◆ Work to be completed
All that is needed is the line containing "Photos: THE OUTSIDERS" and the lines after it to the end of the material, written out exactly, pictures left aside.
↓
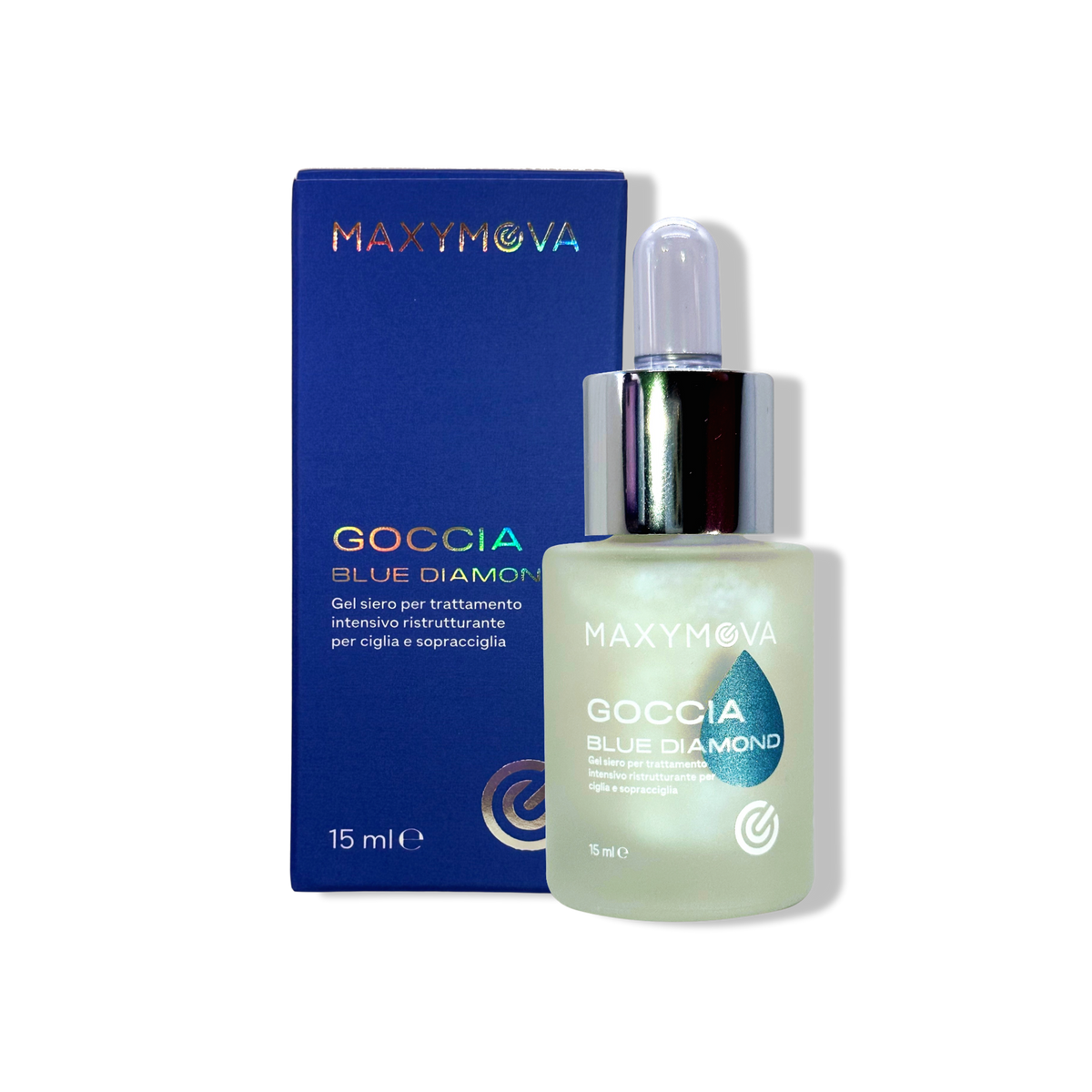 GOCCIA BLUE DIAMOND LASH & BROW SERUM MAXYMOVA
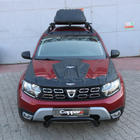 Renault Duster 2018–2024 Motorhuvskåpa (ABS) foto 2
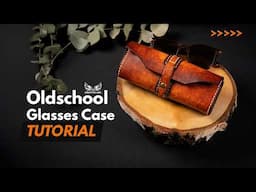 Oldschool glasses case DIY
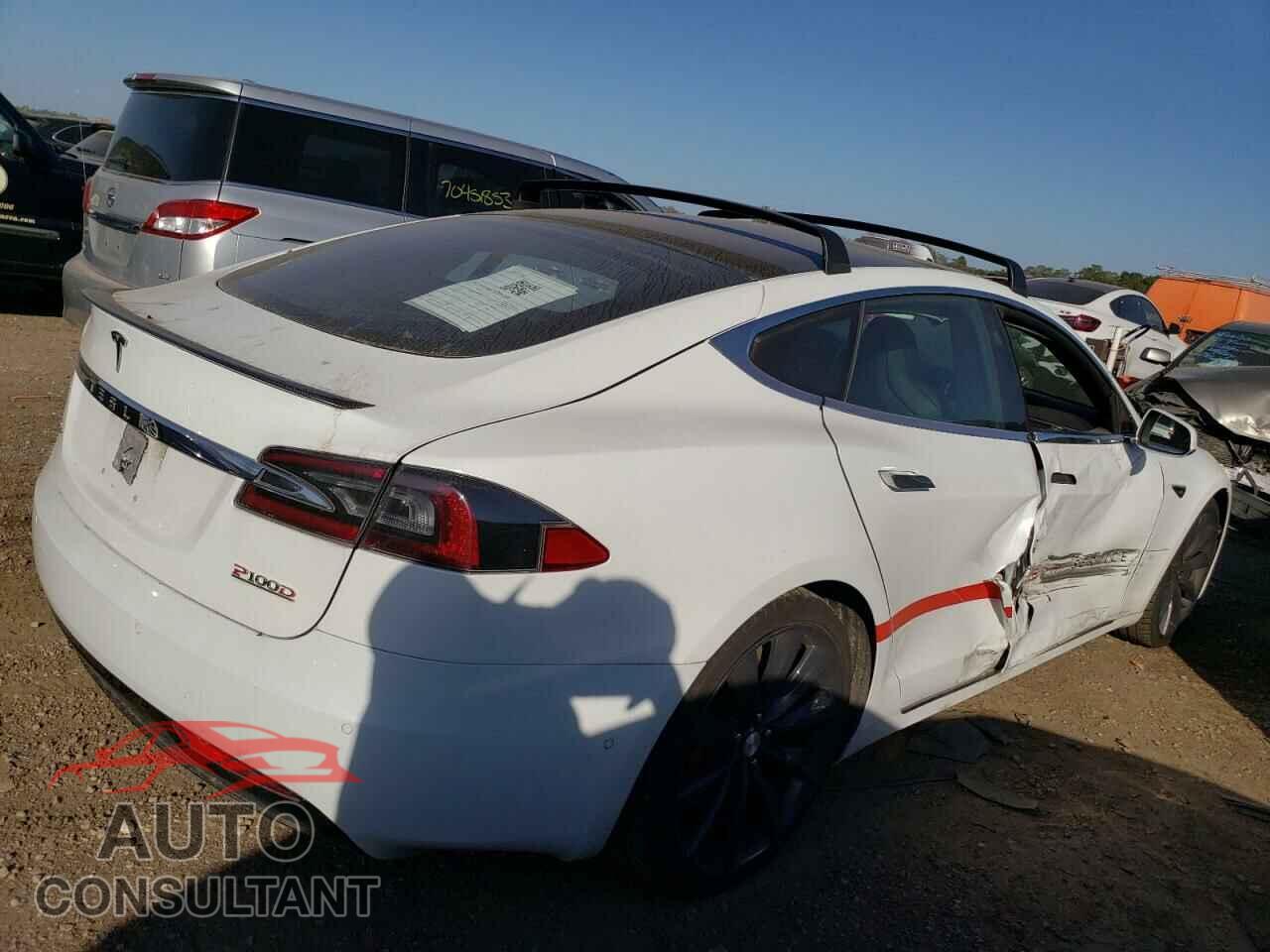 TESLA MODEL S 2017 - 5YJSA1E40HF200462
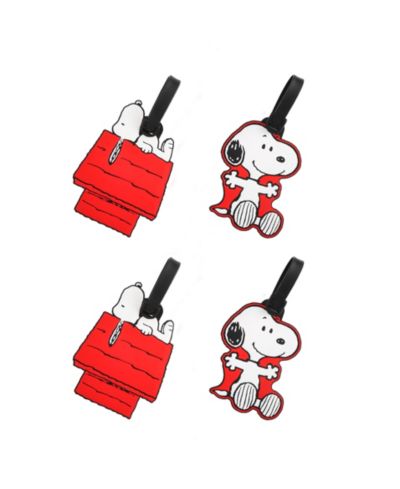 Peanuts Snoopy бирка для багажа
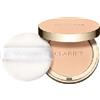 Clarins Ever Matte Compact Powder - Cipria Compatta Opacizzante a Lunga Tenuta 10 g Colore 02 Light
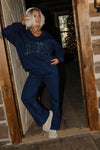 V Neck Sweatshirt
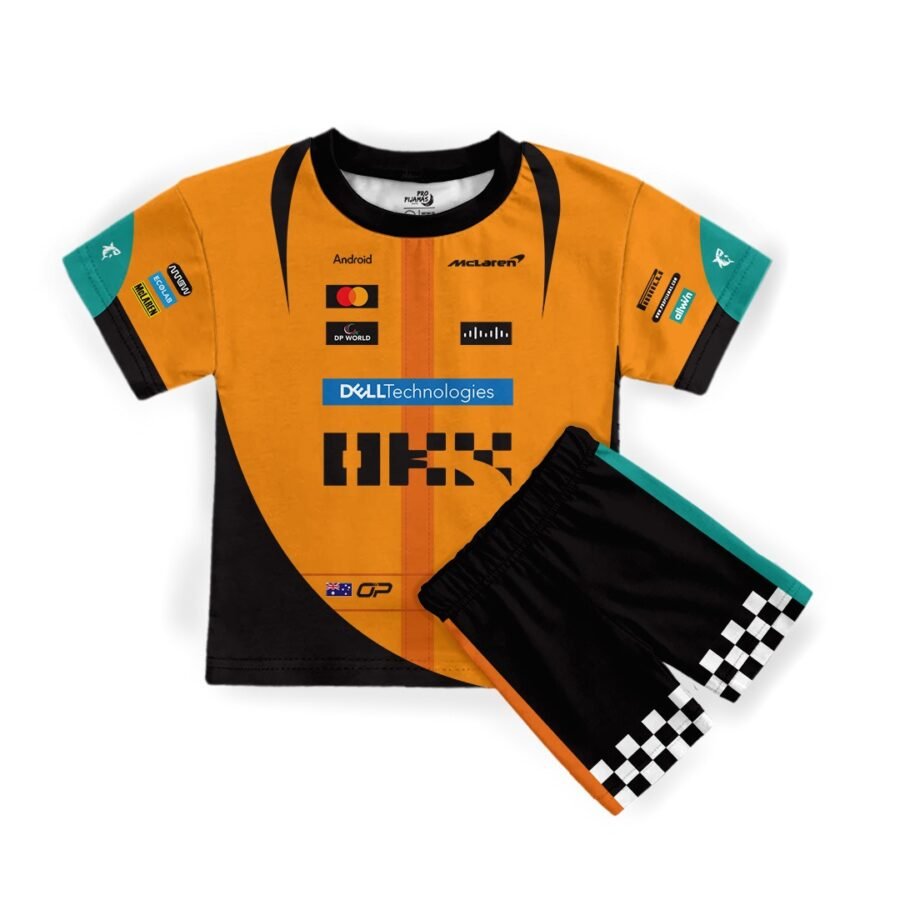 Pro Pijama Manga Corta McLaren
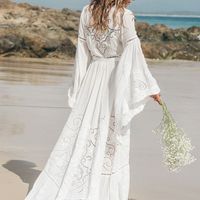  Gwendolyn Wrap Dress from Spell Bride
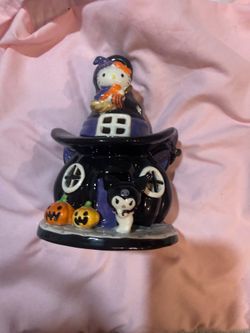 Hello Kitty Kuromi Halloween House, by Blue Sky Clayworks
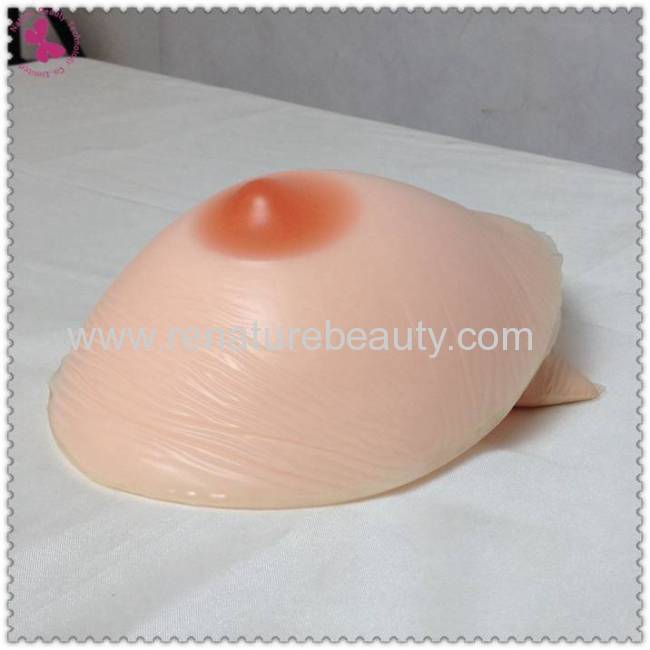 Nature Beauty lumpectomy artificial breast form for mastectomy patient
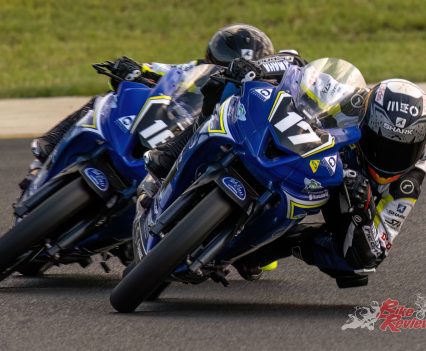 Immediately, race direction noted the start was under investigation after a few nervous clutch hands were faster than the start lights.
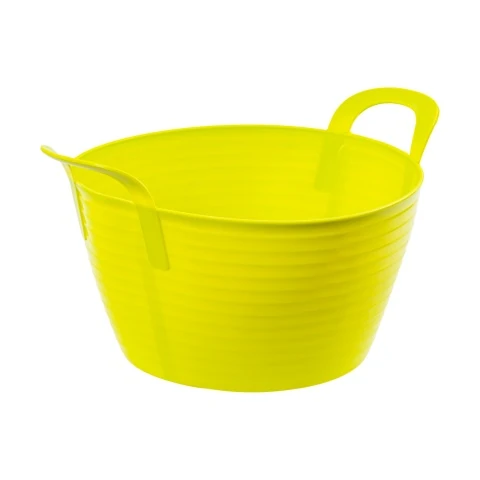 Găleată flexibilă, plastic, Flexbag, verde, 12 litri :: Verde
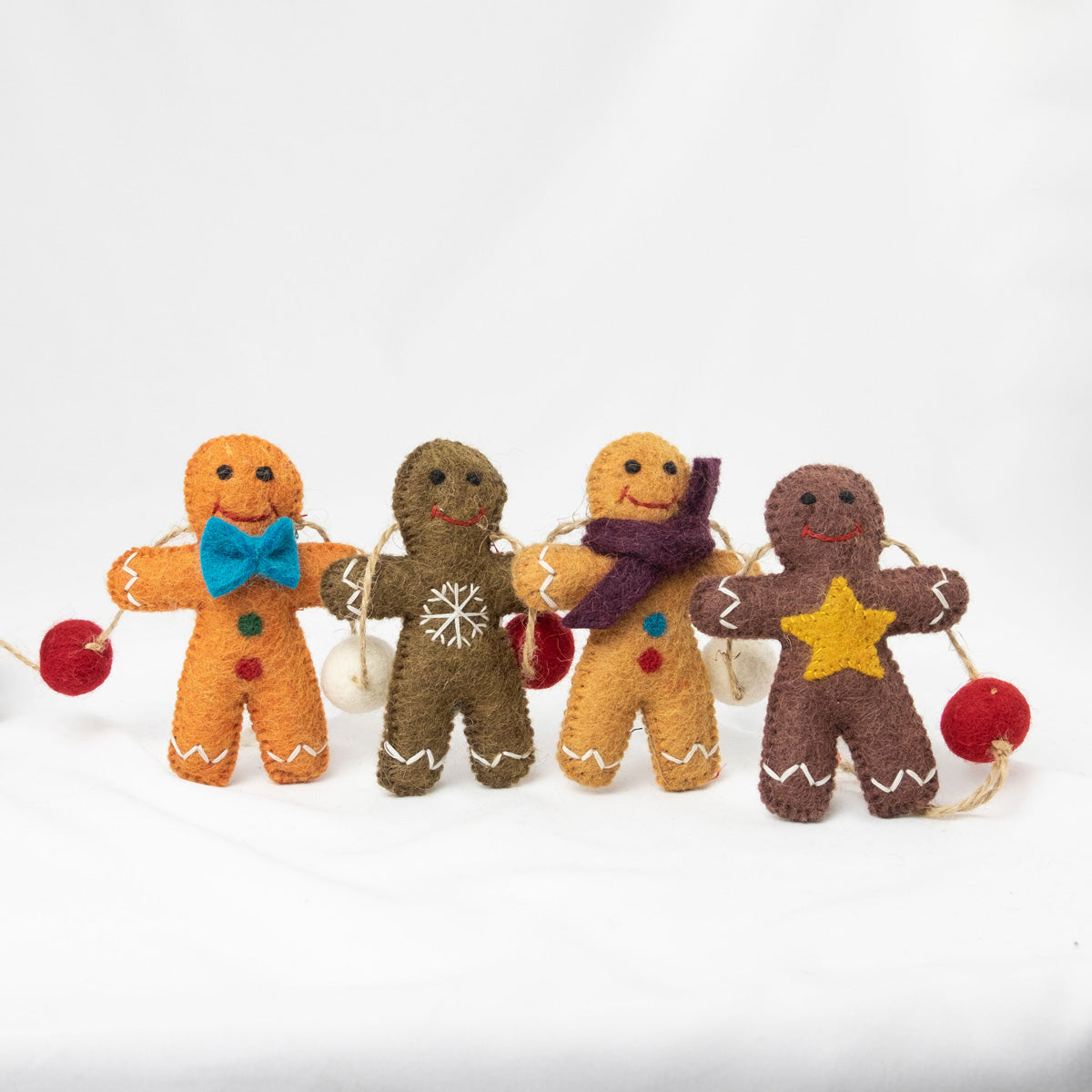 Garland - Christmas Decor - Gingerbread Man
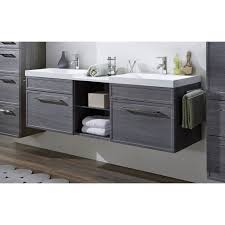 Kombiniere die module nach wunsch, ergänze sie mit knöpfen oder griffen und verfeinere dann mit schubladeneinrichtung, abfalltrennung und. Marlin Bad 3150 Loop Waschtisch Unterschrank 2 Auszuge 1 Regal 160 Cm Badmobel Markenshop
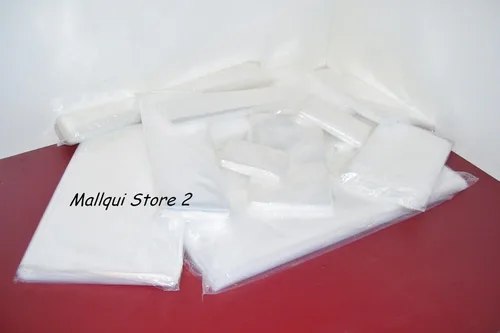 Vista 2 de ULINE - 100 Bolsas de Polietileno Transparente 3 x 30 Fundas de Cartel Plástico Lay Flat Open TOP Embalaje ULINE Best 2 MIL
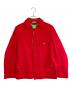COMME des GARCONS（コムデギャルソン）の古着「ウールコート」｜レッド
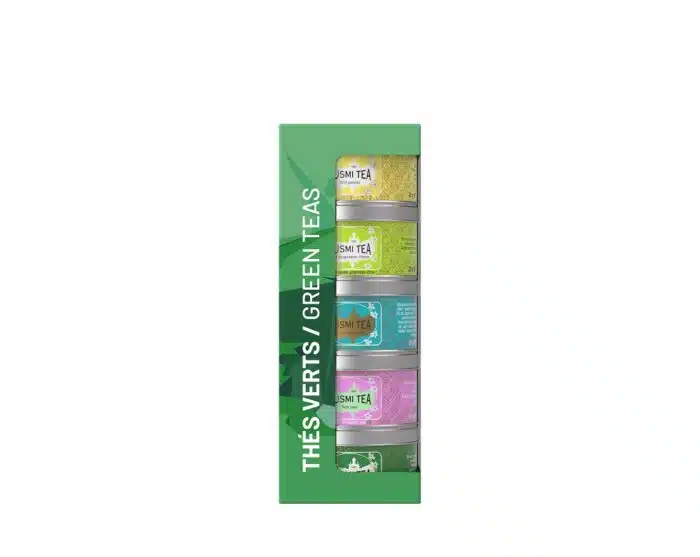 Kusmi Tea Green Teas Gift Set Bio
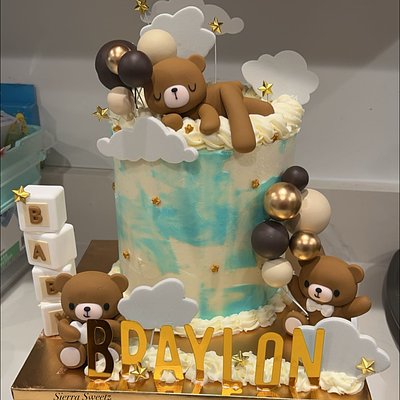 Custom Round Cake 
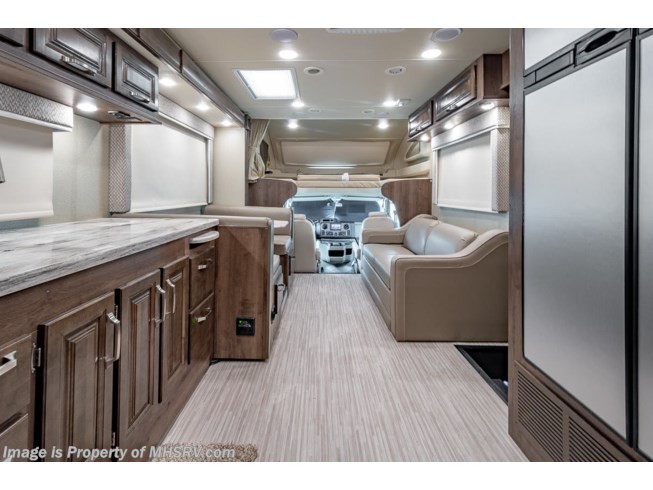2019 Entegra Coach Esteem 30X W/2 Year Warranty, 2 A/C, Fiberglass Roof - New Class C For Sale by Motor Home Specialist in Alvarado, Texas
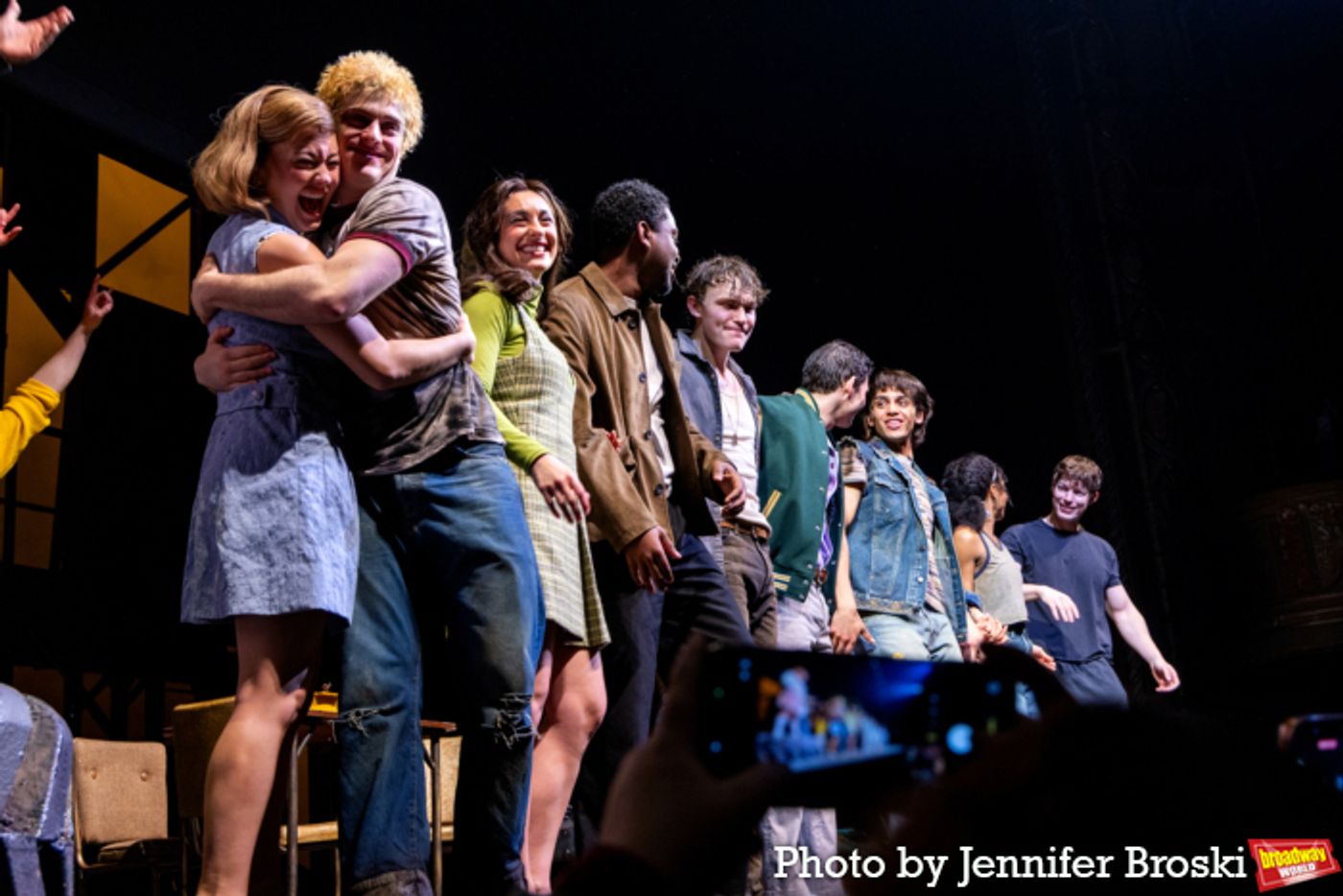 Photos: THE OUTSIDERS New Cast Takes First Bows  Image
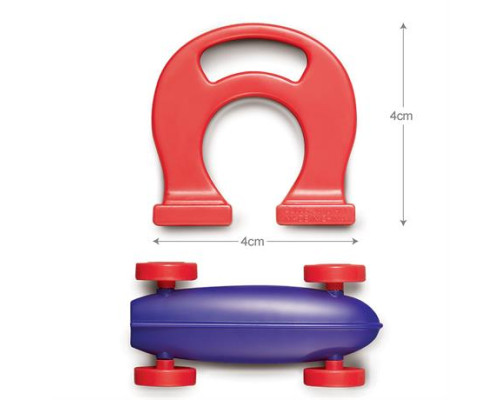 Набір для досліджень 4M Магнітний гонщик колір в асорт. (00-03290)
↑
◆ Task solution
 Photos: THE OUTSIDERS New Cast Takes First Bows  Image
 Набір для досліджень 4M Магнітний гонщик колір в асорт. (00-03290)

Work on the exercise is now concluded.